Festive closure

We will close at 5pm on Tuesday 24 December 2024 and reopen at 9am Friday 3 January 2025. You can still submit complaints through our online form, but we won't respond until we reopen.

Decision Report 201903691

  • Case ref:
    201903691
  • Date:
    September 2020
  • Body:
    Ayrshire and Arran NHS Board
  • Sector:
    Health
  • Outcome:
    Some upheld, recommendations
  • Subject:
    clinical treatment / diagnosis

Summary

C complained about the Child and Adolescent Mental Health Service (CAMHS) care and treatment provided to their child (A). A had an assessment with CAMHS, and following this, the board felt that further CAMHS input was not necessary as they considered the information suggested attachment related difficulties as opposed to a neuro-developmental disorder. C complained that the board had not carried out an in-depth assessment or obtained relevant information from A's school.

We took independent advice from a CAMHS mental health nurse. We found that the assessment of A carried out by CAMHS was reasonable and gathered the appropriate information in order to make a decision that no further input or support from CAMHS was required.
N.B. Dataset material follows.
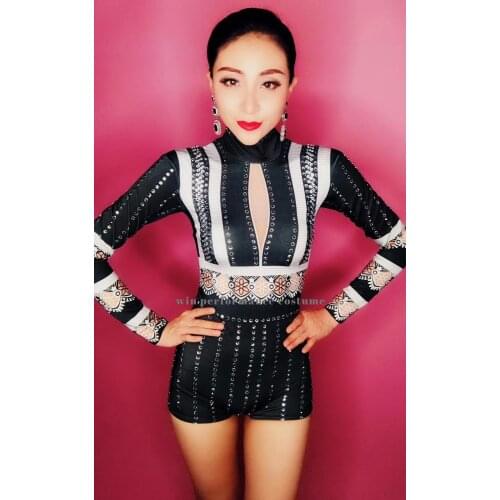 Jazz Dance Sexy Stage Show Outfits Nightclub Bar Singer Gogo Dancer Costume Suit Women Performance Wear10208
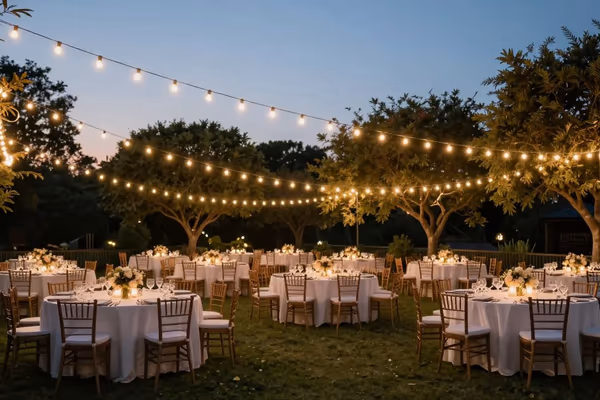 Paquete Estándar 100 metros guirnaldas Edison en boda jardín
We did not uphold this aspect of C's complaint.

C also complained that following A's appointment, the board's communication was unreasonable as they were not told of follow-up appointments in a timely manner and had not fully discussed A's case with C. We found that in all but one case, appointment letters were sent to C in a timely manner. However, we found that the board had failed to explain to C that the school assessments were no longer required and the reasons for this. On this basis, we upheld this aspect of C's complaint.

We also identified that the board had failed to follow up on an action agreed in their complaint response and made a recommendation in relation to this.

Recommendations

What we asked the organisation to do in this case:

  • Apologise to C for failing to explain that school assessments were no longer required and the reasons for this; and for failing to follow up the referral. The apology should meet the standards set out in the SPSO guidelines on apology available at www.spso.org.uk/information-leaflets
  • The board should consider whether it would still be appropriate to follow up the referral to the area inclusion team at this point. They may wish to contact C to discuss whether this is something A would still benefit from.

What we said should change to put things right in future:

  • If decisions are made not to proceed with assessments, this should be explained to the patient/their family.

In relation to complaints handling, we recommended:

  • Actions agreed in complaint responses should be followed up and there should be evidence of the actions being taken.

We have asked the organisation to provide us with evidence that they have implemented the recommendations we have made on this case by the deadline we set.